Source material

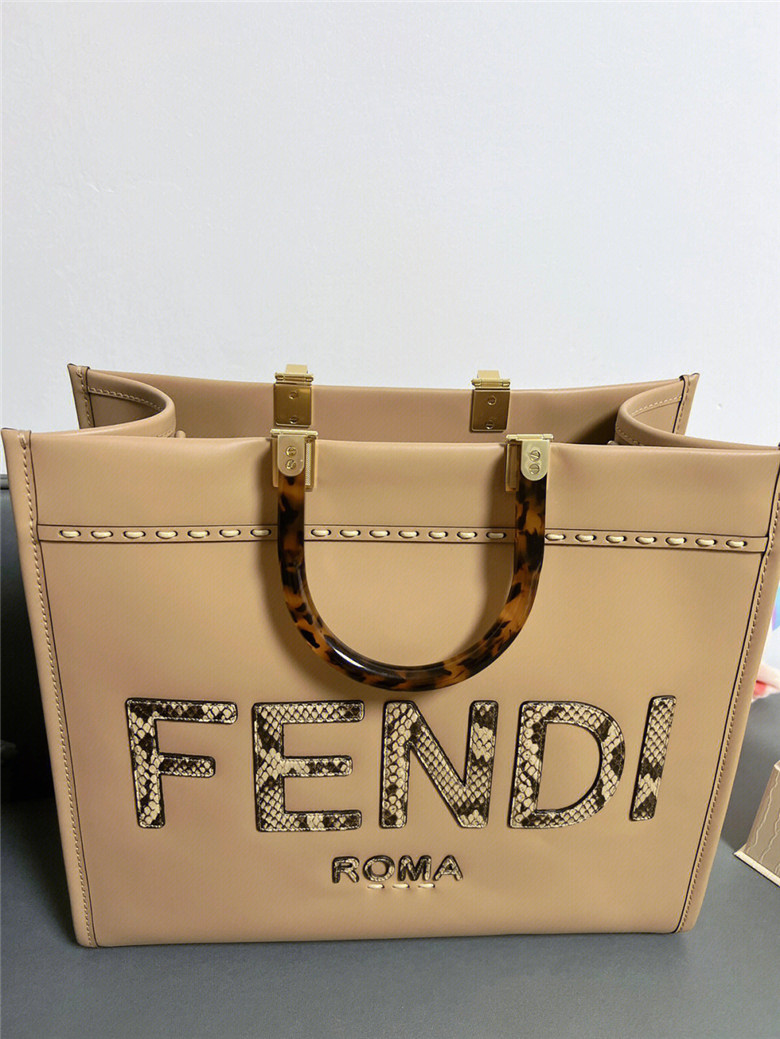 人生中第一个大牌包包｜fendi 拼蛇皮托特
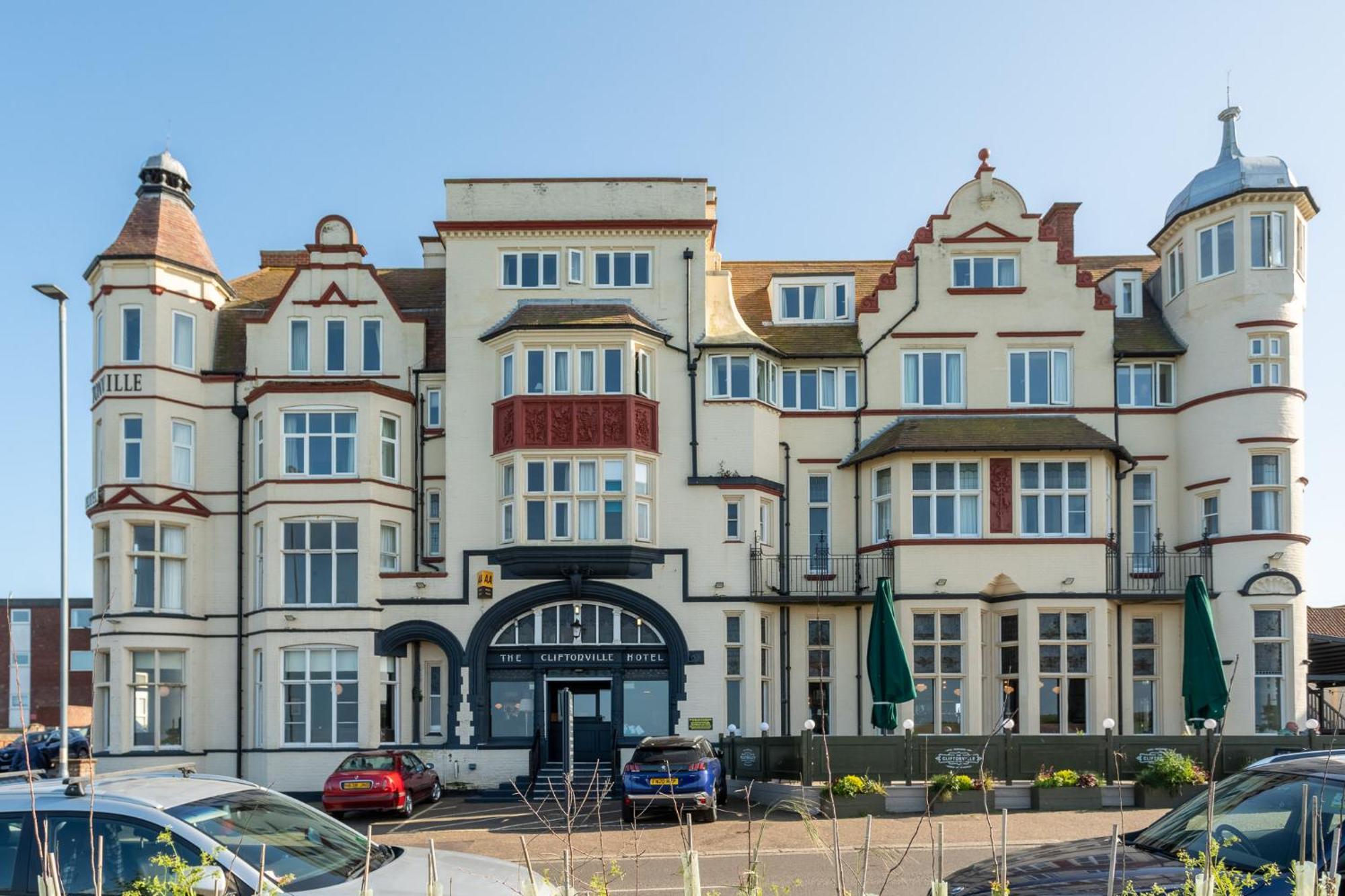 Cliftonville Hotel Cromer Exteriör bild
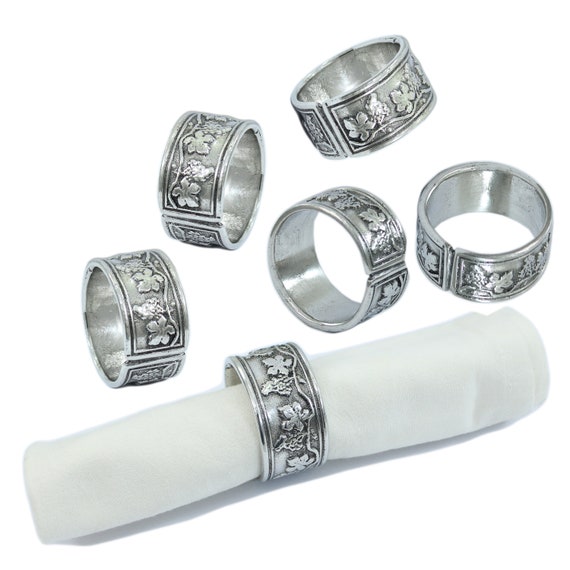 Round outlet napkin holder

Problem to work on
Copy out all the data exactly. The images should not appear in the copy.

Written response
 人生中第一个大牌包包｜fendi 拼蛇皮托特
 Cliftonville Hotel Cromer Exteriör bild
 Round outlet napkin holder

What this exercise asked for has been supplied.